Data shown:
=======

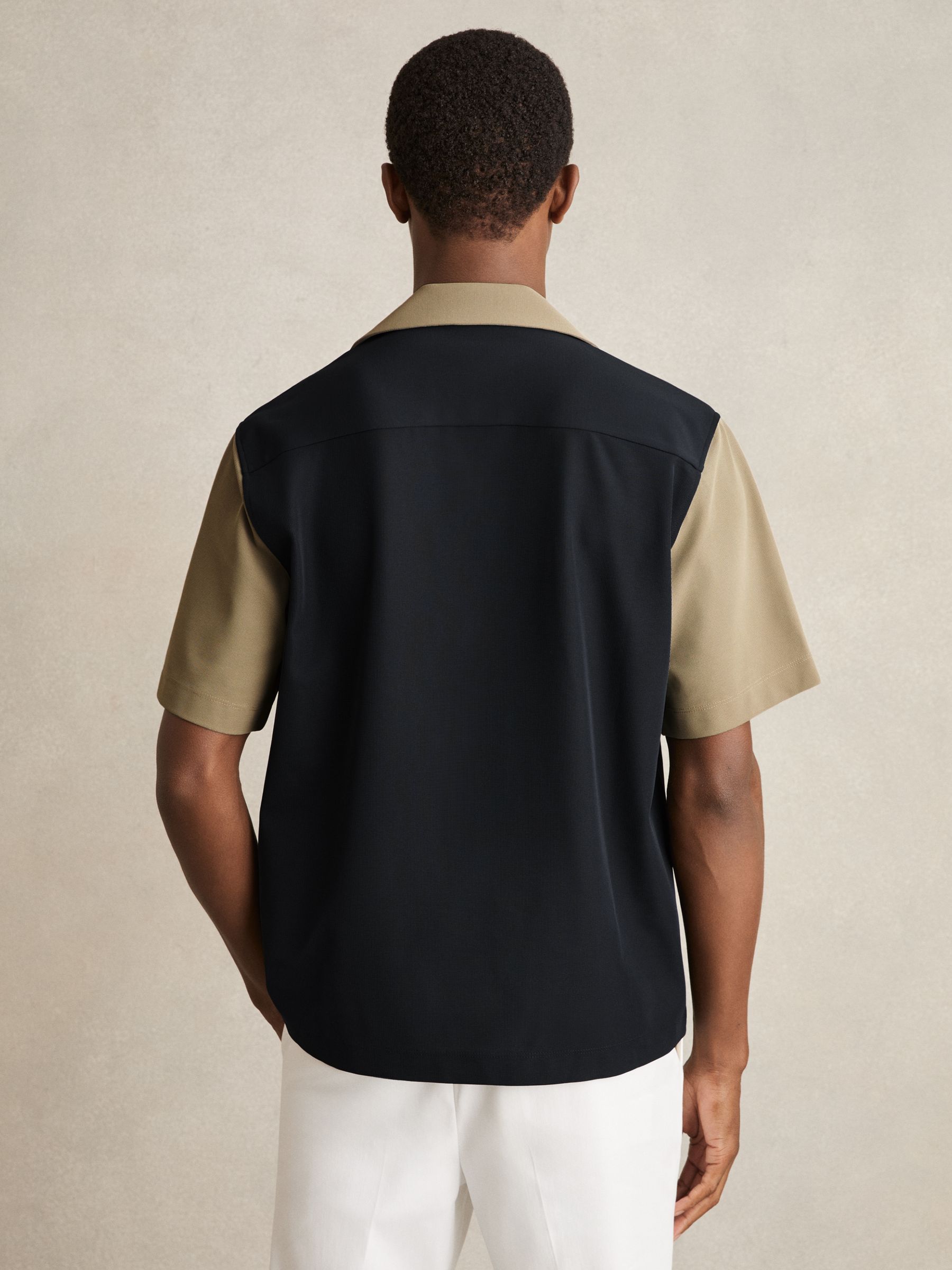 Colour-Block Cuban-Collar Shirt in Navy/Brown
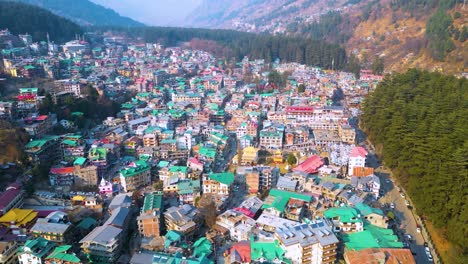 Vista-Aérea-Citi-Del-Paisaje-De-Manali,-Himachal-Pradesh,-India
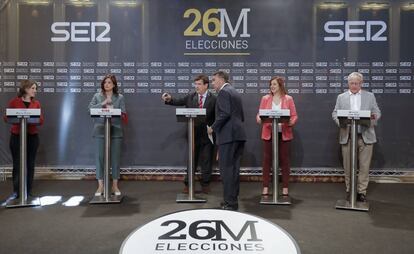 Los cinco candidatos a la alcaldía de Valencia, con el delegado regional de la SER, Bernardo Guzmán, minutos antes del debate electoral en La Nau.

=======

Work to be completed: Give the data above again exactly. Leave the pictures out.

Answer box:
 Colour-Block Cuban-Collar Shirt in Navy/Brown
 Vista-Aérea-Citi-Del-Paisaje-De-Manali,-Himachal-Pradesh,-India
 Los cinco candidatos a la alcaldía de Valencia, con el delegado regional de la SER, Bernardo Guzmán, minutos antes del debate electoral en La Nau.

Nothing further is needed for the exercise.